Comment êtes-vous devenu brigadier scolaire?
À vrai dire, je cherchais un emploi à temps partiel qui ne serait pas trop exigeant, et qui ferait en sorte que je puisse garder de l’énergie pour me consacrer à mes autres activités, dans mes temps libres. Je suis artiste et j’ai étudié en urbanisme.
Pensez-vous avoir trouvé le bon emploi?
Oui, mais c’est beaucoup plus exigeant qu’on le pense! Et c’était pire quand je travaillais « en bas », au coin de la rue Logan. Il faut être très alerte, avoir des yeux tout le tour de la tête. Quand le feu passe au vert, je dois aller me placer au milieu de la rue, parfois en insistant un peu pour que les enfants se dépêchent. Je m’assure qu’ils traversent de façon sécuritaire, et je dois revenir à ma place avant que le feu passe au rouge.

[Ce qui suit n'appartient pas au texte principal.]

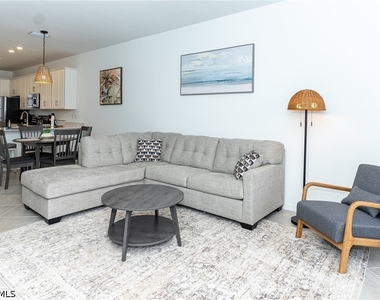 5583 Double Eagle Circle - Photo Thumbnail 7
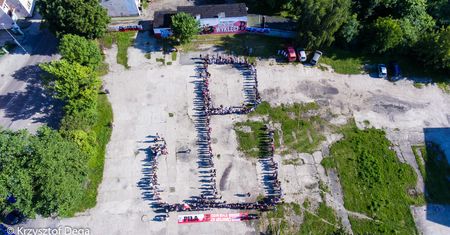 Żywa Kotwica w Pile na 75. rocznicę wybuchu PW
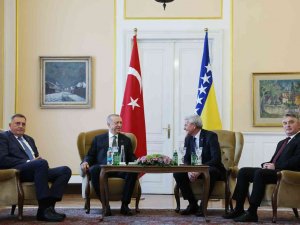 Erdoğan, Bosna Hersek Devlet Başkanlığı Konseyi Üyeleriyle Görüştü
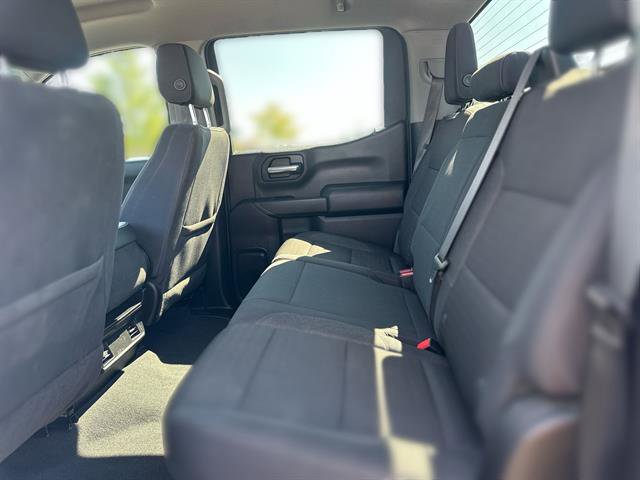 Used 2023 Chevrolet Silverado 1500 Custom Trail Boss w/ LPO, Dark Essentials Package image 21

Les écoliers veulent-ils parfois traverser tout seuls?
Les plus jeunes, non. Ils respectent mon autorité. Toutefois vers la cinquième/sixième année, ils veulent se montrer plus indépendants. Je leur laisse une petite marge de manœuvre vers la fin de la sixième. Je les laisse franchir seuls le dernier quart de la traversée. Ils faut qu’ils pratiquent! L’an prochain, s’ils repassent ici en uniforme de l’école secondaire, il ne faudrait surtout pas que je les fasse traverser!

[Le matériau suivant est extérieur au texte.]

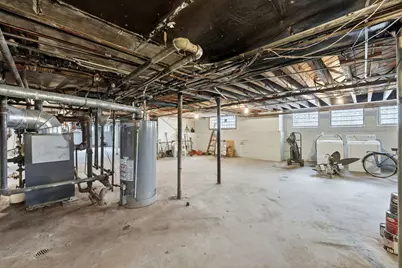 2600 W North Shore Avenue, Chicago, IL 60645 - Photo 36
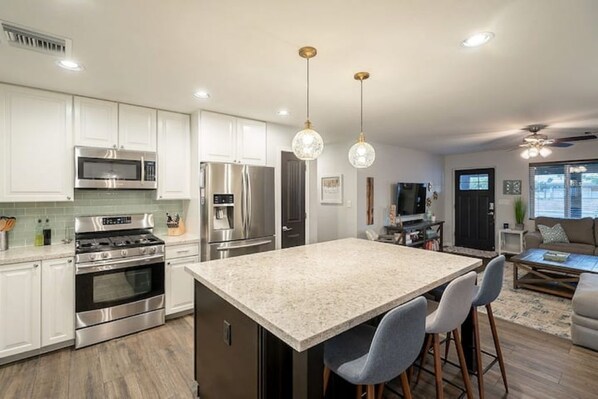 Private kitchen - Stunning home in the heart of Scottsdale (Scottsdale)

Y’a-t-il une sorte de fraternité au sein des brigadiers scolaires?
Pas vraiment. On se croise lors des réunions syndicales et lorsque il y a des journées de formation. Je connais un peu ceux qui s’occupent des autres intersections du quartier, mais c’est tout.
Qu’est-ce que vous aimez le plus de cet emploi?

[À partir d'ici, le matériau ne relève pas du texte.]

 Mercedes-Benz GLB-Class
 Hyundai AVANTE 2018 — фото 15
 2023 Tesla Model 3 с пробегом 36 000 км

Le fait d’être dehors et de pouvoir observer la ville. Je remarque tout! Les corniches des édifices, les craques dans les trottoirs, les arbres, etc. Montréal est une ville très étonnante, très belle à sa façon.
Pensez-vous faire ça encore longtemps?
Je ne sais pas. Je ne suis pas un gars qui a de l’ambition. Je ne crois pas que les individus devraient se définir ou s’épanouir par leur travail. En terminant mes études en urbanisme, j’ai vu mes anciens confrères tomber les uns après les autres dans le piège du boulot, de l’auto, de la famille, de la maison… Ce n’est pas mauvais en soi, mais ce n’est pas ce dont j’ai besoin. Ça ne me conviendrait pas. Moi, j’ai choisi d’avoir le luxe du temps.